Importantly, half of the U.S. coal reserve is low-rank coal -- 35 to 44 percent water -- which is not used in coal plants due to its high-water, low-energy levels. Green Fuel has the potential to harness a previously untapped resource.
Part of the excitement for this new fuel is the price. It costs $13 to $15 to produce the energy equivalent of a barrel of oil, the company's Chief Executive Officer and Chief Financial Officer Garry Anselmo, says, which is about 2.2 barrels of Green Fuel.
"Fifteen dollars is better than $60," he said, referring to current oil prices.
Green Fuel is non-flammable unless burned as a fine spray in a generator.
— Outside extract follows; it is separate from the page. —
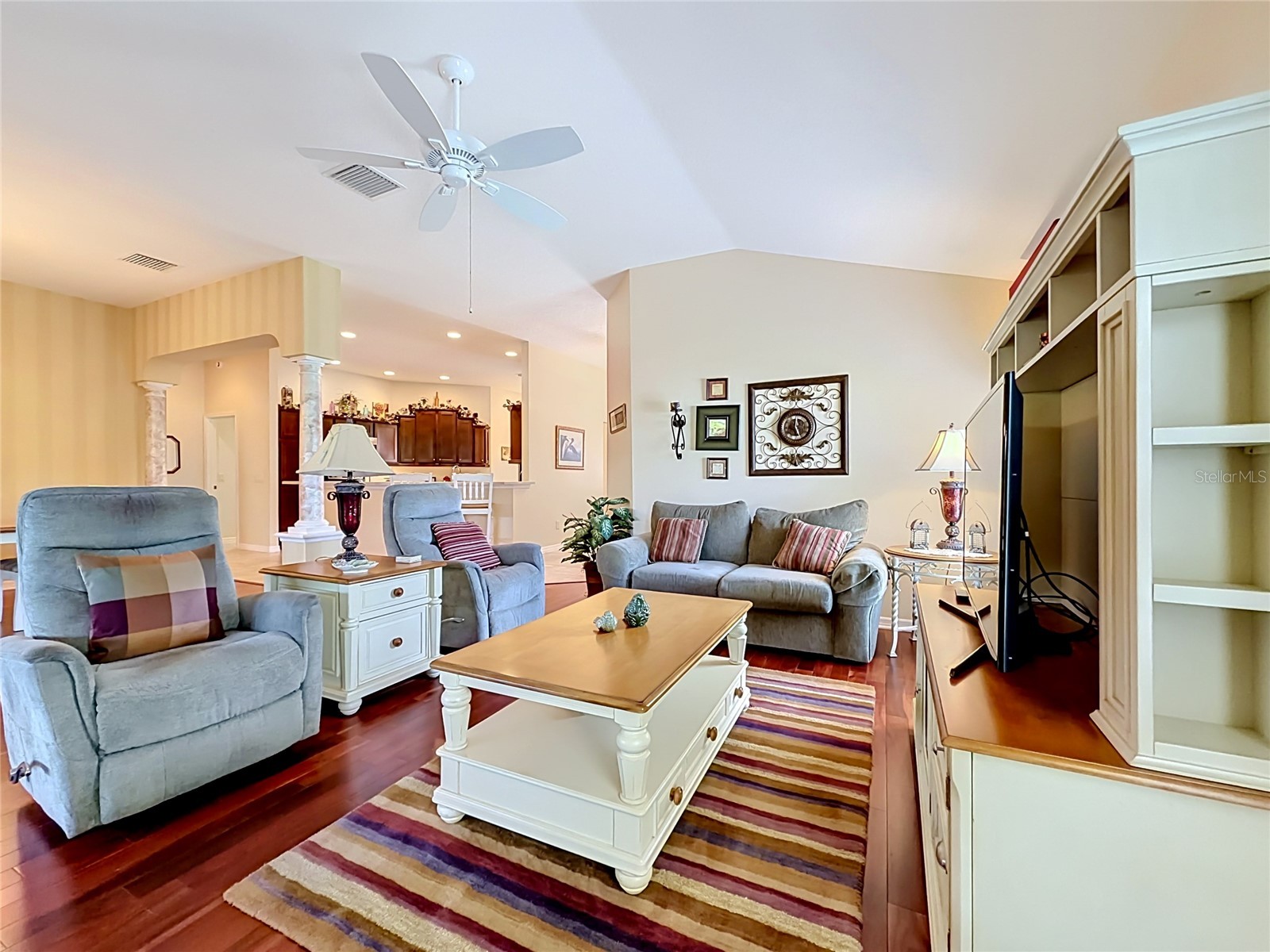 2529 Edenville Path The Villages FL 32162 G5113232 image29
This has positive benefits for the military, as tankards of this fuel, cannot be destroyed.
Coal-to-liquid fuels are about to be the "driving force for President Bush's Energy Policy Plan, the National Energy Technology Center's Vision 21 Program, and the United States DOE's Clean Coal Power Initiative," a statement from Silverado says.
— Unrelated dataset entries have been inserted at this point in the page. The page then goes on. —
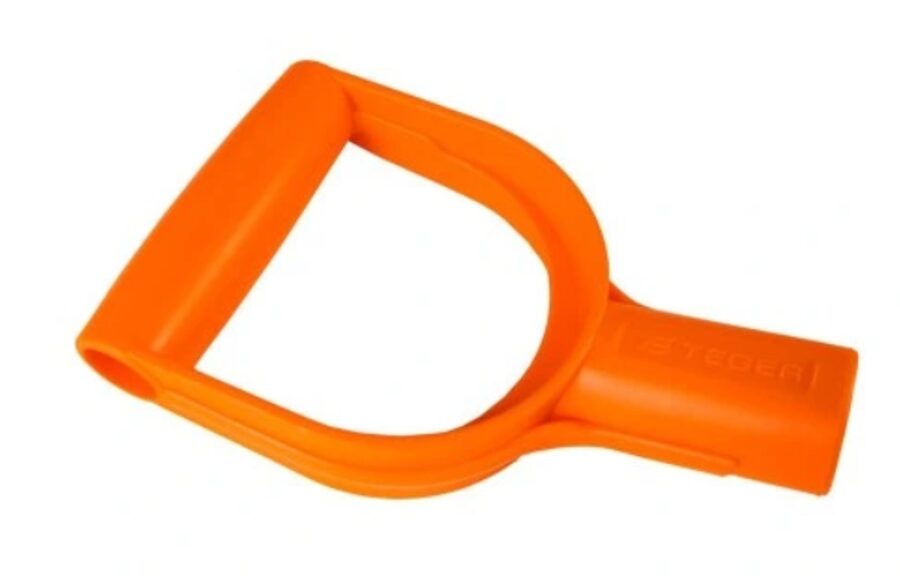 Rokturis TEGER instrumentiem (FI30)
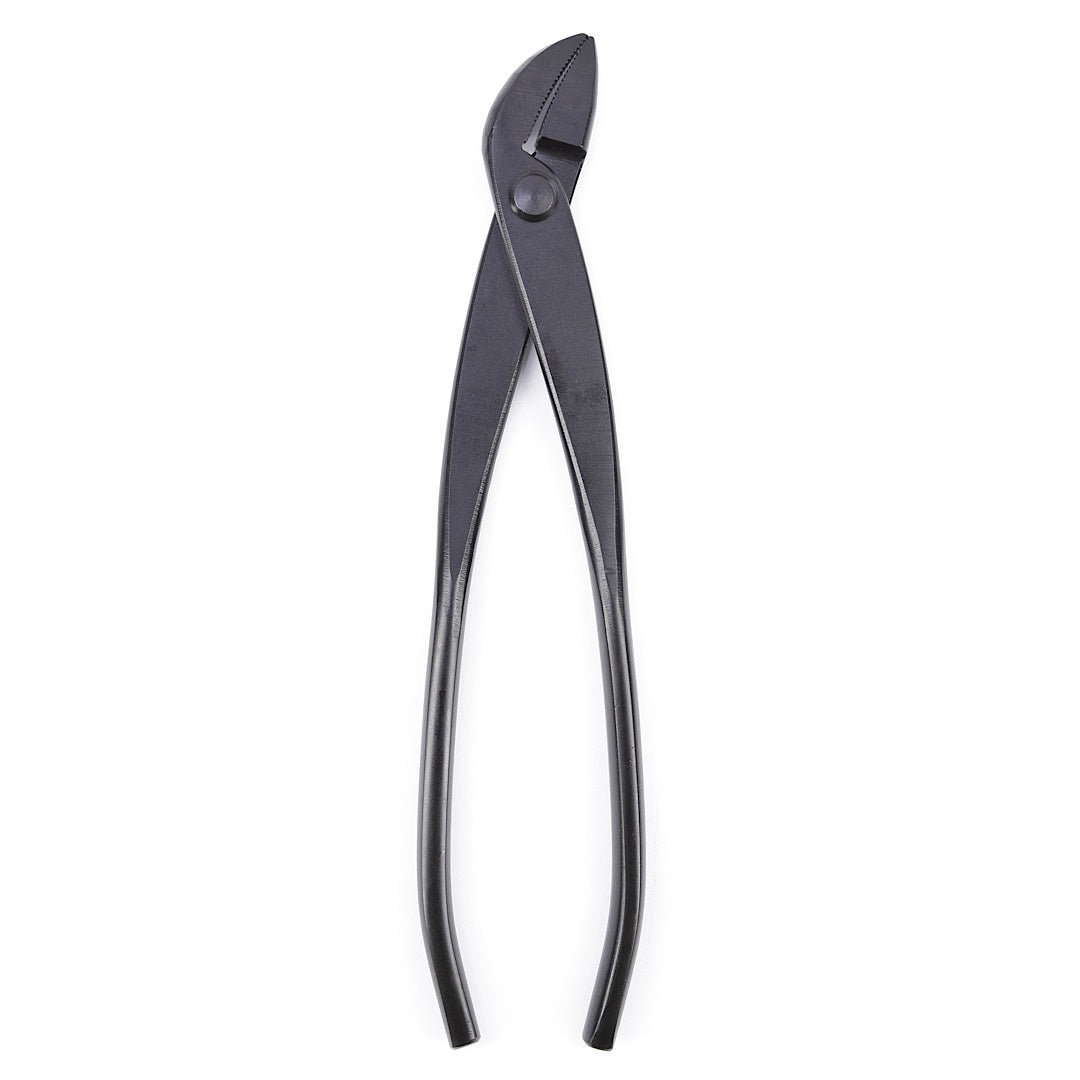 Jin-Zange Dingmu 220 mm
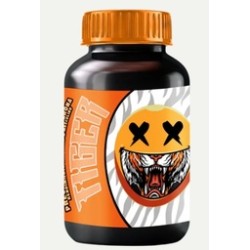 SMILE LABZ TIGER TESTO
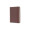 small image preview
The company plans over the next five years to build a plant in Alaska to produce the fuel.
Green Fuel works in oil-fired electrical plants, but "there are only a couple in this country, and you are not allowed to build them any more," pointed out Ted Venners, the chief technology adviser for Evergreen Energy, a company that specializes in refining coal for coal fuelled power plants.
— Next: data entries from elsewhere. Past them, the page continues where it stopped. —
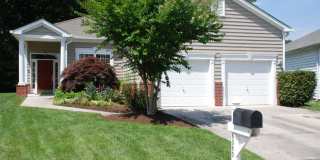 House for rent at Villages of Westminster Gallery 1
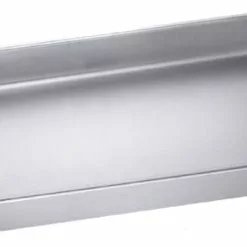 Contacto Schale, Rechteckig 30 Cm -BUFFET ARTIKEL Verkäufe 5eabe7ca aeea 46bc a738 1622010a26d1 1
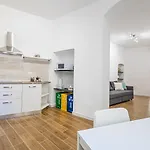 San Biagio شقة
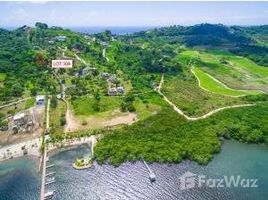 N/A Land for sale in , Bay Islands Coral Views Village, Roatan, Islas de la Bahia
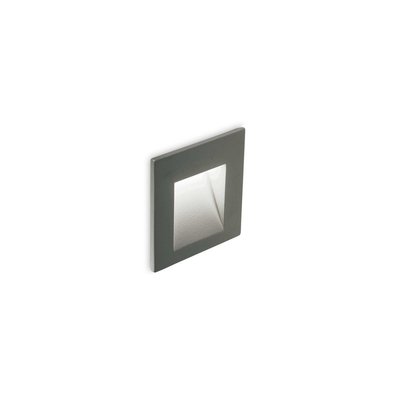 Spot    BIT IDEAL LUX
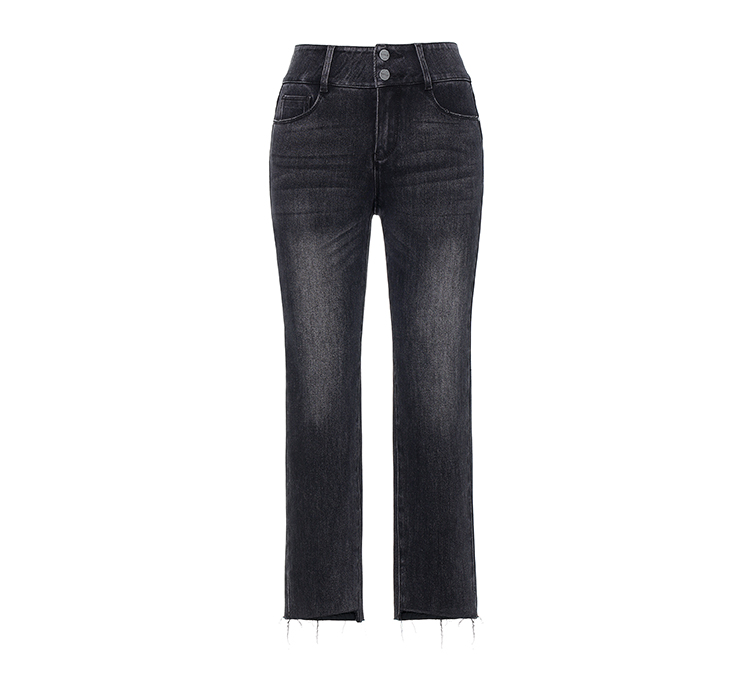 https://fulmo-img-server.com/denimmuse/e52fcca3-0f68-4d0b-8ab0-031c6543aa23.jpg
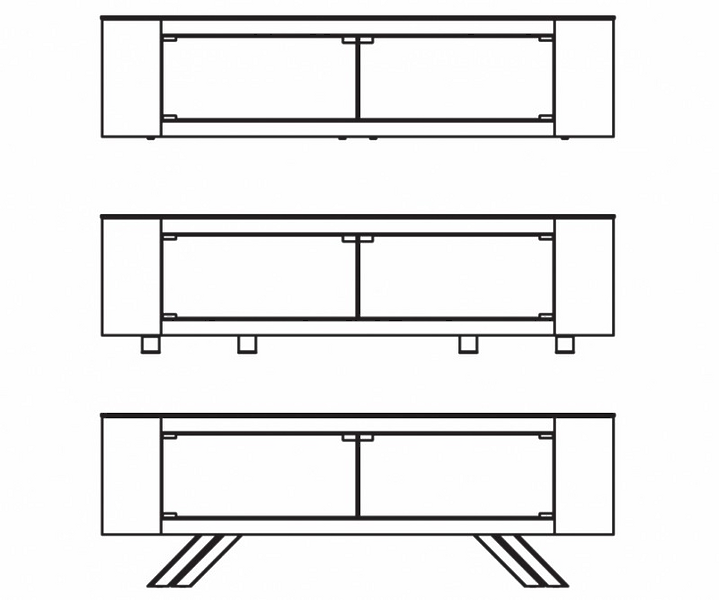 AVF FS1500BAYB артикул 404016-1 фото 3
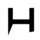 Hairurg (   )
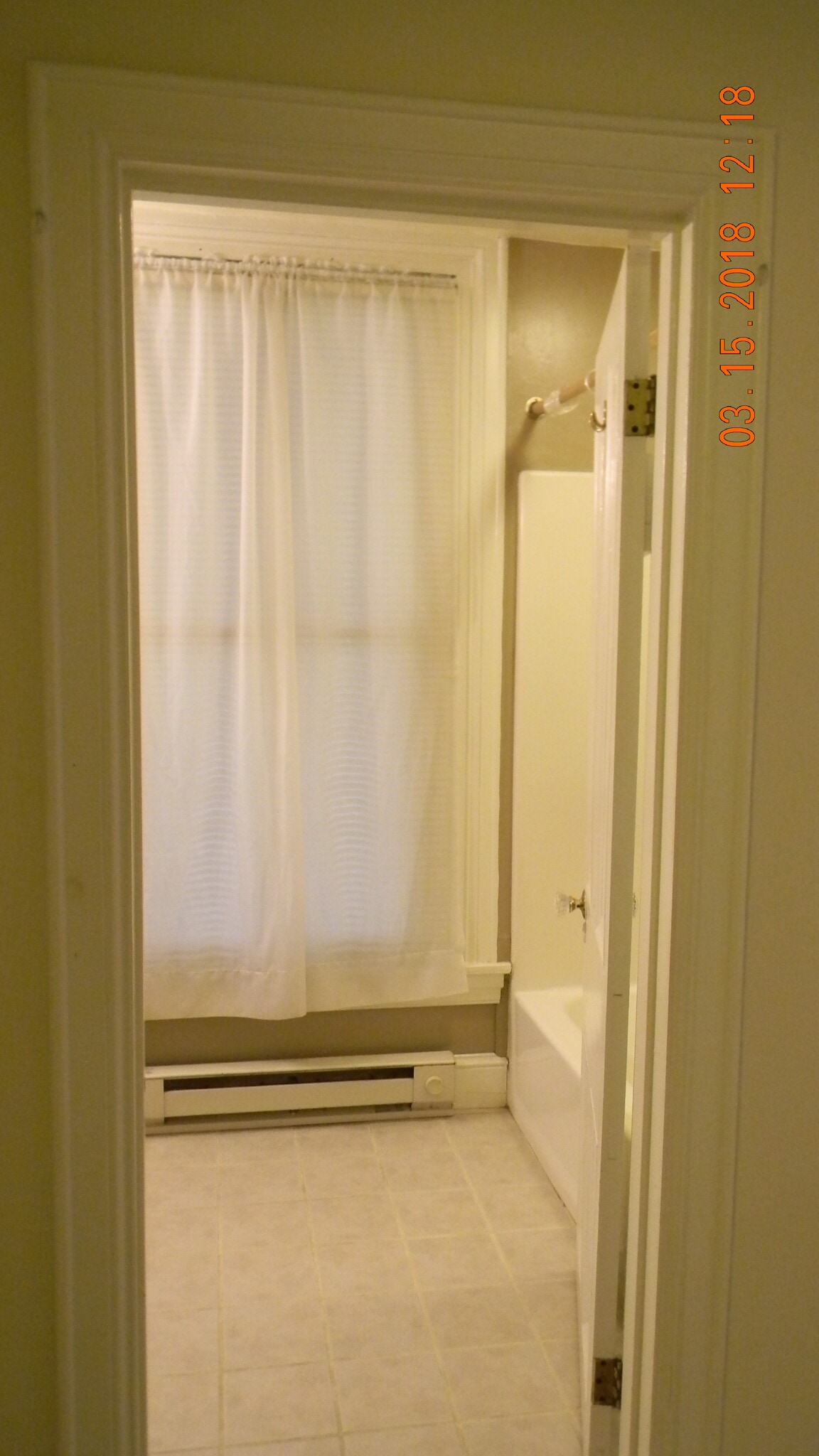 Building Photo - 418 N High St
The Energy Information Administration, the U.S. Department of Energy's data arm, predicts that "oil-fired generation (is) expected to continue to decline." This raises the question of why the government should invest in the Silverado plant, which will take five years to build, and produce a fuel whose primary use is for outdated generators.
The answer could be that Silverado Green Fuels initiative is also planning to build a tertiary industry where the Green Fuel is used as the feedstock for the gasification and liquefaction process.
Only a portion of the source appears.